Mimolette

Region: France
Milk: Cow milk
Texture: Semi-hard

The Mimolette is a most unusual cheese, spherical like an Edam but with a rough moon-like surface and a bright orange interior. It resembles a cantaloupe when cut open.

The cheese originated in Holland and is made in a similar way to Edam, using pasteurised cows’ milk.. It is believed to have been introduced to France when Flanders was a part of that country.  Some believe that in the 17th century the French minister Colbert forbade the importation of foreign goods, including cheese, and so the French began making it for themselves. It was originally made by the request of Louis XIV, who – in the context of Jean-Baptiste Colbert’s mercantilistic policies – was looking for a native French product to replace the then very popular Edam. To differentiate it from Edam, however, he had it colored orange.
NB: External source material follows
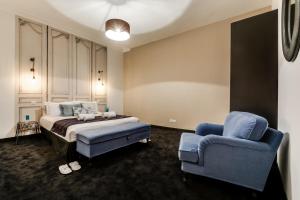 a bedroom with a bed and a blue chair at Sweet Inn - Paix in Paris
It is now made in Flanders and also in other parts of France, particularly Brittany, and it is often known as ‘Boule de Lille’. The name Mimolette derives from ‘mi-mou‘ meaning ‘half-soft‘. The name Boule de Lille derives from a ripening cellar in the city of Lille, where the cheese was originally matured.

A cow’s-milk cheese, it normally weighs about 2 kg (approximately 4.5 pounds). The crust  is soft when young – with age it becomes harder. It has a gray crust (non-edible) and orangish flesh. It is a matured Edam that is allowed to ripen for around six month to nine. The natural rind ranges in colour from yellow orange to light brown and is pitted, dry and hard. Intensely fruity, it is popular as a cooking cheese and as a snack to eat with a glass of beer. When young (4 – 6 month), the cheese is firm compact and slightly oily with a subtle fruity aroma and a mellow nutty taste. Most of this cheese is, however, eaten when aged. The bright, deep tangerine colour of the cheese is due to the natural dye, annatto.

Mimolette can be consumed at different stages of aging. When younger, its taste resembles that of Parmesan. Most cheese lovers appreciate it most when “extra-old” (extra-vieille). At that point, it can become rather hard to chew, and the flesh takes a hazelnut-like flavour.